DATA RECORDS —

══════════════════════════════

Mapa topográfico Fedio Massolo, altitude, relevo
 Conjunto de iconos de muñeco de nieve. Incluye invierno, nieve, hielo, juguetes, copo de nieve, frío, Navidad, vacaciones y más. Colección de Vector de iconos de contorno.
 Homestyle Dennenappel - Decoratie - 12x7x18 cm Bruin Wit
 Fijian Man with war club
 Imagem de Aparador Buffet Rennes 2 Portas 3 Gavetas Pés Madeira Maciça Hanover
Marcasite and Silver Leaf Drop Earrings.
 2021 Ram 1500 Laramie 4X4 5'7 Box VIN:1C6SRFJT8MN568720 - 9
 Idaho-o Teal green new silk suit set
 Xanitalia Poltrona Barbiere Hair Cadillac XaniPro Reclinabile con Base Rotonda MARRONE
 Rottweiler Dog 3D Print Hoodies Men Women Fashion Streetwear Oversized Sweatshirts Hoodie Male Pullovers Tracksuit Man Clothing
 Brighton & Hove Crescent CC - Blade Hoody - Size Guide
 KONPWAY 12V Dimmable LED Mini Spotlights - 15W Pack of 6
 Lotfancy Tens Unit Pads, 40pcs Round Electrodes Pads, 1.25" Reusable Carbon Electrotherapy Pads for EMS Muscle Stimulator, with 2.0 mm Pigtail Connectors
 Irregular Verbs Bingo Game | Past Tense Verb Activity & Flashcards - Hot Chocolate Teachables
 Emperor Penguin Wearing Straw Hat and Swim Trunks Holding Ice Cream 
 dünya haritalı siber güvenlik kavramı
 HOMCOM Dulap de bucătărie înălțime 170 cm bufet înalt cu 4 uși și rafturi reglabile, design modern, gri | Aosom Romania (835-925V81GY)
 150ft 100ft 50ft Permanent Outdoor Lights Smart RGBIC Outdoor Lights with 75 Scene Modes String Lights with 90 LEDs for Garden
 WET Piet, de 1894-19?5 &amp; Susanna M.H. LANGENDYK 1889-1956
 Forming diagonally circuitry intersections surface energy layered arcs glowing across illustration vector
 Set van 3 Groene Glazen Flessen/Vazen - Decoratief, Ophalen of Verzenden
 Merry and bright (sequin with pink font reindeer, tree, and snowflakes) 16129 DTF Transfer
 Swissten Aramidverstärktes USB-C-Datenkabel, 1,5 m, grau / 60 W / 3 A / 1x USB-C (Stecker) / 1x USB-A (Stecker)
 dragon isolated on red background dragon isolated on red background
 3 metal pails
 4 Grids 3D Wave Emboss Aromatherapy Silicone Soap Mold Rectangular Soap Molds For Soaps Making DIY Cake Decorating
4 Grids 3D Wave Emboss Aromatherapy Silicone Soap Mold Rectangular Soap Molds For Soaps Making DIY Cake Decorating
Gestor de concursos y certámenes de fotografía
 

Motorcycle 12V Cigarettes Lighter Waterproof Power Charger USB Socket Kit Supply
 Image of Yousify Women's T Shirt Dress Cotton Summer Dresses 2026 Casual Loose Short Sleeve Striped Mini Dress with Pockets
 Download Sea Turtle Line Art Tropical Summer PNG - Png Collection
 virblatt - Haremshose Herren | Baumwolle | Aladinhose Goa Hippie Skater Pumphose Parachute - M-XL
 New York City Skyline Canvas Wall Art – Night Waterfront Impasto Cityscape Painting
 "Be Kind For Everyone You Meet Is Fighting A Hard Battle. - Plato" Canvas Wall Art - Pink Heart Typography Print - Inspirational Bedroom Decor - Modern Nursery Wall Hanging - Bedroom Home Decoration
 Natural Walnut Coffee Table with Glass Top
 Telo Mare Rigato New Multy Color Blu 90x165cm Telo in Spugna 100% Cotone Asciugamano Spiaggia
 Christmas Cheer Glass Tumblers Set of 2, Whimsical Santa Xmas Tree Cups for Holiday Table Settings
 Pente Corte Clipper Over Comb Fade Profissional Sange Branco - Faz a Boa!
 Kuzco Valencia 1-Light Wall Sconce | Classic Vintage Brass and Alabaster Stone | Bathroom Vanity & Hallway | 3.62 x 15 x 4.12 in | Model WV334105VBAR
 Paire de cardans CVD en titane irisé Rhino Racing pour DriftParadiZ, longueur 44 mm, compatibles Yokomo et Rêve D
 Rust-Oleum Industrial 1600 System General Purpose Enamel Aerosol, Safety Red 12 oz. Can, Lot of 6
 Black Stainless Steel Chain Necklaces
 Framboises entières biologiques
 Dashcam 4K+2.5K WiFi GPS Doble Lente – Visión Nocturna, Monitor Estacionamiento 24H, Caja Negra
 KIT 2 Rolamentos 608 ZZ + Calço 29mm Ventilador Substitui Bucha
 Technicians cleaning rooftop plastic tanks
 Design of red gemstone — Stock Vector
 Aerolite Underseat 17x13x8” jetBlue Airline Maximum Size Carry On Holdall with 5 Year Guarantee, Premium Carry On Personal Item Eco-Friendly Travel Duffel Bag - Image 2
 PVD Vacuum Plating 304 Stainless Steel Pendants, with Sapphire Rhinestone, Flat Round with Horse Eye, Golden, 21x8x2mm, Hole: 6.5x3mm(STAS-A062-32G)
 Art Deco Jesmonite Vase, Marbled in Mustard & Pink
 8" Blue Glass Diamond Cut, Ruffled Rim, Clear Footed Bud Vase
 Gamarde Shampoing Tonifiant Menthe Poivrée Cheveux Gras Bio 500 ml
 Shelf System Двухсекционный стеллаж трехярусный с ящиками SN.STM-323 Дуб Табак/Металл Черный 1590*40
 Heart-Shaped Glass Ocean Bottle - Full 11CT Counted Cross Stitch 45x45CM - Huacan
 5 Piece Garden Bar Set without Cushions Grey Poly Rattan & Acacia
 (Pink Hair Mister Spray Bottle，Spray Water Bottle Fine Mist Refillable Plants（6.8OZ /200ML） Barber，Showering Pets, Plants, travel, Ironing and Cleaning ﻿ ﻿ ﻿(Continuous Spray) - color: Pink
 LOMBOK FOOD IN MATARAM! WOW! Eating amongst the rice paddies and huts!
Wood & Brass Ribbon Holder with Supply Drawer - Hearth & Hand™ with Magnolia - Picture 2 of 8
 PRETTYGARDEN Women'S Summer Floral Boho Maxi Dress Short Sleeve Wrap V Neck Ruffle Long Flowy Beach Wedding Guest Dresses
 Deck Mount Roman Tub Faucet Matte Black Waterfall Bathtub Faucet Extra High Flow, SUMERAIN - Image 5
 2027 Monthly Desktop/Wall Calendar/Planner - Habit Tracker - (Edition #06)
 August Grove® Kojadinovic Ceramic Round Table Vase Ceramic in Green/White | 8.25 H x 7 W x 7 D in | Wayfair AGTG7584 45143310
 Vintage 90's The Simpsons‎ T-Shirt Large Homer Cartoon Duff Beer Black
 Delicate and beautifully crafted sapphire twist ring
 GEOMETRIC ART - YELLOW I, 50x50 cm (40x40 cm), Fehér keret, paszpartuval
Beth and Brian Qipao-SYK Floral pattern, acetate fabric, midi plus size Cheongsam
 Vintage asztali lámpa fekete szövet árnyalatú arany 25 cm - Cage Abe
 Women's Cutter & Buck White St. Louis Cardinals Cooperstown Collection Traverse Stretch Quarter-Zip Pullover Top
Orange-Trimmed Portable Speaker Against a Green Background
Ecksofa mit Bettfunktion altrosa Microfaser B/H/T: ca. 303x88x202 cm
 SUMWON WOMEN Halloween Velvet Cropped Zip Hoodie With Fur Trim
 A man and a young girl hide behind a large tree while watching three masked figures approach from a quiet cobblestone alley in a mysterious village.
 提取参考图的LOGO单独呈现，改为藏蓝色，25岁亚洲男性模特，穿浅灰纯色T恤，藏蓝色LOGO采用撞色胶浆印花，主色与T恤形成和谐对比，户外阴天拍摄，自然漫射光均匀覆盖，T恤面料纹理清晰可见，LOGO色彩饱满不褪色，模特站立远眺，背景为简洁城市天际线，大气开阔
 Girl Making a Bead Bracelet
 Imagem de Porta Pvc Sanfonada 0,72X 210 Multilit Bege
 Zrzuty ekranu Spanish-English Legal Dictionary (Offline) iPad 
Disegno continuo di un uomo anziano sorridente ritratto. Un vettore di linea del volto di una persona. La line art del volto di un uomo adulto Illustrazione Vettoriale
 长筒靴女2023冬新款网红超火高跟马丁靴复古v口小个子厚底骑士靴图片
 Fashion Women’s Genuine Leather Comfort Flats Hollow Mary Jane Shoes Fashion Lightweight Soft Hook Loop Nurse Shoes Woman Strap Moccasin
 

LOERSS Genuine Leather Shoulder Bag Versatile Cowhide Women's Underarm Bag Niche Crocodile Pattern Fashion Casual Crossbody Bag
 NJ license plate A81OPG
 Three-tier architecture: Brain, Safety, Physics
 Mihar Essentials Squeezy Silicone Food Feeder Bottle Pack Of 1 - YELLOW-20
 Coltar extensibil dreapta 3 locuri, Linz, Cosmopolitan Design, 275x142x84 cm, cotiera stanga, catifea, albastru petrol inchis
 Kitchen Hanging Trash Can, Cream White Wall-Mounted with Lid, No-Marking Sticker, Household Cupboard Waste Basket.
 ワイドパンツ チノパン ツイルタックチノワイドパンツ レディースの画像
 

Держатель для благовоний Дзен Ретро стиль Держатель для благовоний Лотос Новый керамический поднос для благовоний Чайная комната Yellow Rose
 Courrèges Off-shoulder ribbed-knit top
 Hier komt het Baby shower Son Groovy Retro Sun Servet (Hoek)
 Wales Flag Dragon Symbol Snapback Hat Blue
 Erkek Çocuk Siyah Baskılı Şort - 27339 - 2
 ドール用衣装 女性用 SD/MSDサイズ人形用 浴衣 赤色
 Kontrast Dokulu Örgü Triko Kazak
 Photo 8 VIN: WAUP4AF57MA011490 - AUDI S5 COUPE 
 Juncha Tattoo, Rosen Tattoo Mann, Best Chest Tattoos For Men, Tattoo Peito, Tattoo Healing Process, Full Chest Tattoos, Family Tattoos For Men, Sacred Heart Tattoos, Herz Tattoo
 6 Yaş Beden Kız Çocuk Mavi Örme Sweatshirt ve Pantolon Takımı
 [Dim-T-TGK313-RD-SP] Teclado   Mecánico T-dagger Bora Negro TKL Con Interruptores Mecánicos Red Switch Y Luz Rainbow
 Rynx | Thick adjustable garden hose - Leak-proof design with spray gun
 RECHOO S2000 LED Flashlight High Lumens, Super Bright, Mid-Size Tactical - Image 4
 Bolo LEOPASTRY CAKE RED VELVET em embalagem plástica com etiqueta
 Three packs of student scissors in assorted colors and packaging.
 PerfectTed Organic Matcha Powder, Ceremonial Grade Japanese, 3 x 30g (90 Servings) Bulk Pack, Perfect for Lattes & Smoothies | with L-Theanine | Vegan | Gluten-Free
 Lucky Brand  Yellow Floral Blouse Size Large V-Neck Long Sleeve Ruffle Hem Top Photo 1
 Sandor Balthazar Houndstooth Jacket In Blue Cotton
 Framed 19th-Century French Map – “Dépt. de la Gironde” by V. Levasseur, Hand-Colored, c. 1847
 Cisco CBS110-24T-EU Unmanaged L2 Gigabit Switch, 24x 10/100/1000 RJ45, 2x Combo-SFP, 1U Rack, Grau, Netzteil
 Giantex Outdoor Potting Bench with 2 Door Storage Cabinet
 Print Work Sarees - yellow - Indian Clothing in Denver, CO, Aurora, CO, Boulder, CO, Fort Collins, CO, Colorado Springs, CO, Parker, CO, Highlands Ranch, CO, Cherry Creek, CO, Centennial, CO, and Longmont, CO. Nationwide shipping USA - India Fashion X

══════════════════════════════

ACTIVITY —
Which lines above include the word "Making"? Show each one.

ANSWER SPACE —
 4 Grids 3D Wave Emboss Aromatherapy Silicone Soap Mold Rectangular Soap Molds For Soaps Making DIY Cake Decorating
4 Grids 3D Wave Emboss Aromatherapy Silicone Soap Mold Rectangular Soap Molds For Soaps Making DIY Cake Decorating
 Girl Making a Bead Bracelet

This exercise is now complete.